Assigned task:
For this task, copy all of the data below exactly and skip the pictures.

Recorded data:
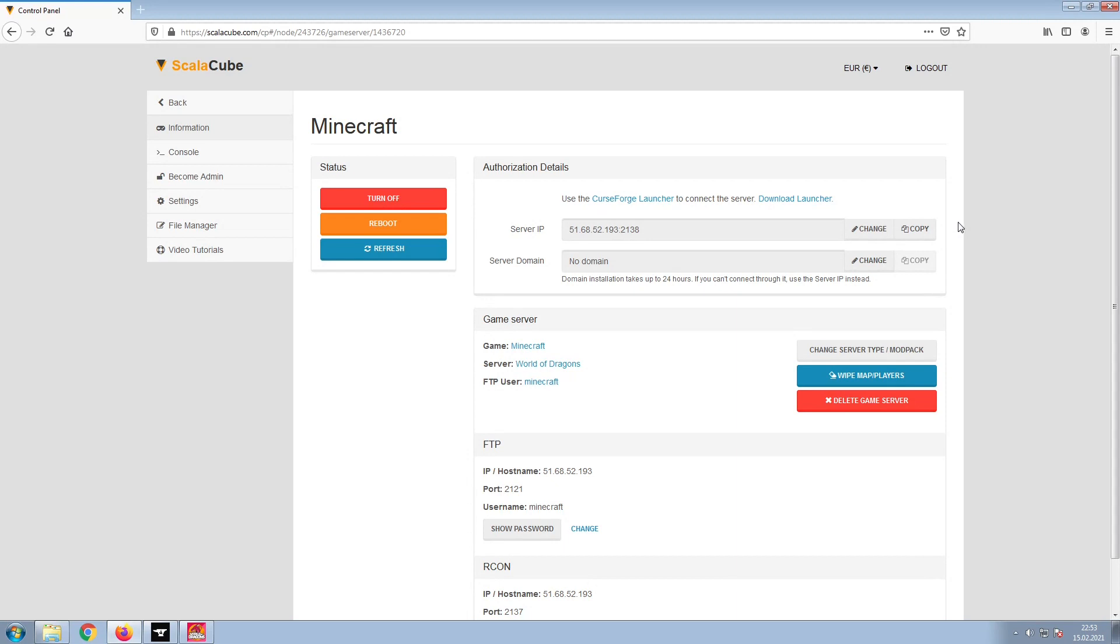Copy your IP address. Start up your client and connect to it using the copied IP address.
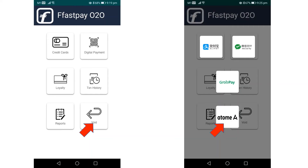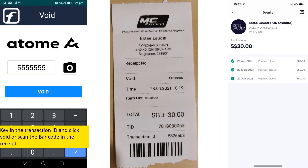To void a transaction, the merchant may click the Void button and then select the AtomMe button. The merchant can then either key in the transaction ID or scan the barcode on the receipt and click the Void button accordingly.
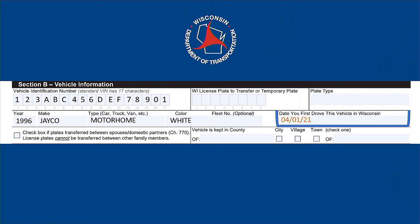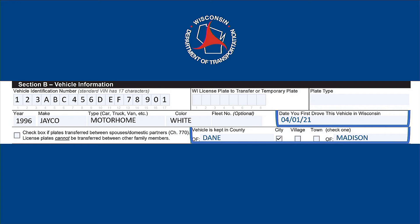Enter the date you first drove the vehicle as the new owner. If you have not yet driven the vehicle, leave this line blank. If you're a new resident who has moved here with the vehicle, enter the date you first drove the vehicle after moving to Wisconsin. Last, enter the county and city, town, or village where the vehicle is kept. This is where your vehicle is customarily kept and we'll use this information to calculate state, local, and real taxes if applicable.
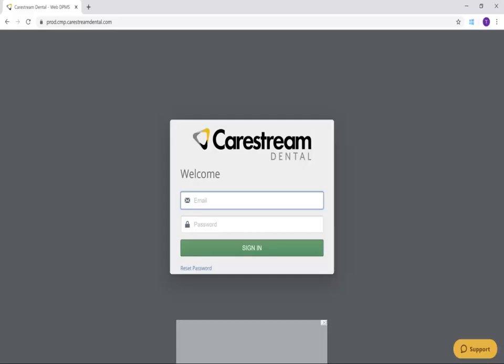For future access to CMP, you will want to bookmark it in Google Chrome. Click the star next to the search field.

Response to the task:
Copy your IP address. Start up your client and connect to it using the copied IP address.
To void a transaction, the merchant may click the Void button and then select the AtomMe button. The merchant can then either key in the transaction ID or scan the barcode on the receipt and click the Void button accordingly.
Enter the date you first drove the vehicle as the new owner. If you have not yet driven the vehicle, leave this line blank. If you're a new resident who has moved here with the vehicle, enter the date you first drove the vehicle after moving to Wisconsin. Last, enter the county and city, town, or village where the vehicle is kept. This is where your vehicle is customarily kept and we'll use this information to calculate state, local, and real taxes if applicable.
For future access to CMP, you will want to bookmark it in Google Chrome. Click the star next to the search field.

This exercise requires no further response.